__INSTRUCTIONS FOR THE TASK__: Scan the records for "Table" and copy each line that contains it.

__EXCERPTED DATA__:
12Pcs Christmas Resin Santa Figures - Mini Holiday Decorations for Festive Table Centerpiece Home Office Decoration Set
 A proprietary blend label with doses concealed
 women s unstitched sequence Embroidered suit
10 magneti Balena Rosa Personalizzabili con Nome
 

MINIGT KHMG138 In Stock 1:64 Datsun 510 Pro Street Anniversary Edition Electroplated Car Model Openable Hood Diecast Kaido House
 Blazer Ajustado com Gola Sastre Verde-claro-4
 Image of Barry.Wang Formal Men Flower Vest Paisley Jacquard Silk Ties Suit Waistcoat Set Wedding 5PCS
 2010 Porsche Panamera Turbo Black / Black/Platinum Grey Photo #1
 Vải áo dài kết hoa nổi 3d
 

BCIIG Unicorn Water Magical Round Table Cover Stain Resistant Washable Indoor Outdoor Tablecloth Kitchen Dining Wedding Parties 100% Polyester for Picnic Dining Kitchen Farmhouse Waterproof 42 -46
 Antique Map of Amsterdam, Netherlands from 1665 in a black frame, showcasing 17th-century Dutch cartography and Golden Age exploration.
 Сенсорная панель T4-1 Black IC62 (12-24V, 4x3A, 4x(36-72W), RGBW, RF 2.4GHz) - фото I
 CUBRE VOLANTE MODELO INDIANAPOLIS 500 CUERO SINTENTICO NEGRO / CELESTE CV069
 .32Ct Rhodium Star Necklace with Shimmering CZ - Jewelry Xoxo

__SOLUTION TO THIS PROBLEM__:
12Pcs Christmas Resin Santa Figures - Mini Holiday Decorations for Festive Table Centerpiece Home Office Decoration Set
BCIIG Unicorn Water Magical Round Table Cover Stain Resistant Washable Indoor Outdoor Tablecloth Kitchen Dining Wedding Parties 100% Polyester for Picnic Dining Kitchen Farmhouse Waterproof 42 -46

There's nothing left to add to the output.